George Stephanopoulos… Mikey Day
Joe Biden… Jim Carrey
Nicholas Fetin… Chris Redd
Savannah Guthrie… Kate McKinnon
Donald Trump… Alec Baldwin
Jacklin Lugo… Melissa Villaseñor
Paula Dale… Chloe Fineman
Kamala Harris… Maya Rudolph
[Starts with a video message]
Male voice: On Thursday, Vice President Biden held a town hall, as scheduled, on ABC. At the same time, NBC laid a thirst trap for President Trump. One town hall was a thoughtful, cogent discussion of the issues facing our country. The other featured President Trump. We now present a rebroadcast of those town halls the way most Americans watched them… Flipping back and forth, trying to decide between a Hallmark movie and an alien autopsy. This… is…
[Cut to intro of Dueling Town Halls]
Male voice: … Dueling Town Halls
[Cut to George Stephanopoulos at his set]

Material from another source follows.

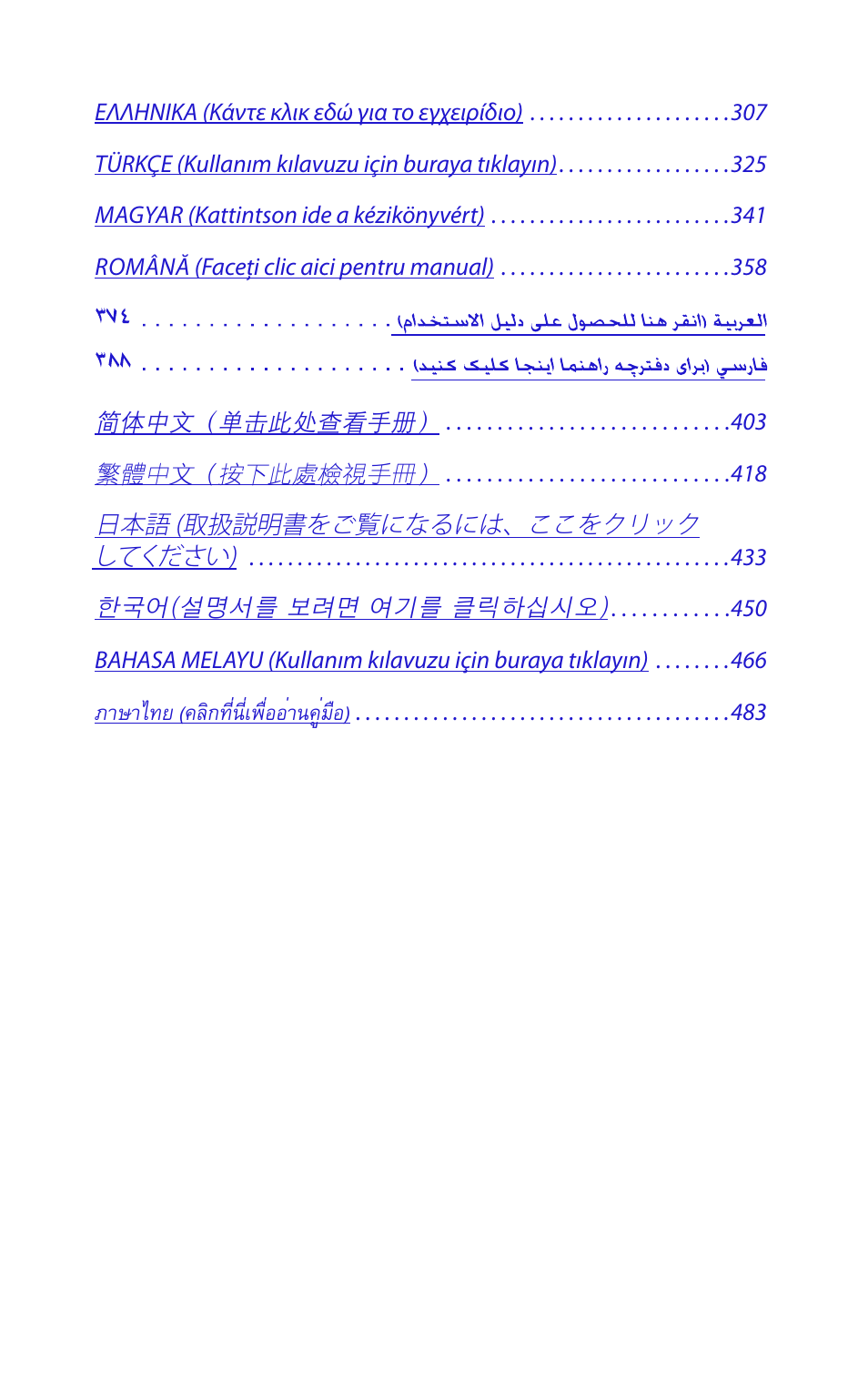 Jabra BT2080 User Manual | Page 3 / 495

George: Good evening. I’m George Stephanopoulos. And the vibe we’re going for tonight is poorly attended college lecture. The folks asking questions are half pro-Biden and half anti-Trump and somehow we’ve put all of them in the last row of the balcony. [Cut to the audience. There are only two of them.] How are you guys up there?
Woman: I have vertigo.
George: Great! [Cut to George] And our guest of honor tonight is former vice president and future oatmeal spokesman, Joe Biden.
[Cut to Joe Biden walking in]
[Cheers and applause]
Joe Biden: Hello. Hello, Philadelphians. It’s great to be here. Hey, is that Bobby Clark of the 1974-75 flyers? [Joe Biden walks to the audience side]
George: Mr. Vice President, please don’t wander into the audience to greet people.
Joe Biden: Sorry. [Joe Biden is very close to the camera] I’m just so excited to talk to America with real life Americans. Hey, George, check it out. [starts dancing] That’s dance for the kids on TikTok.
George: Okay, Joe. Let’s focus. Now, are you ready for softball questions for folks who are already voting for you?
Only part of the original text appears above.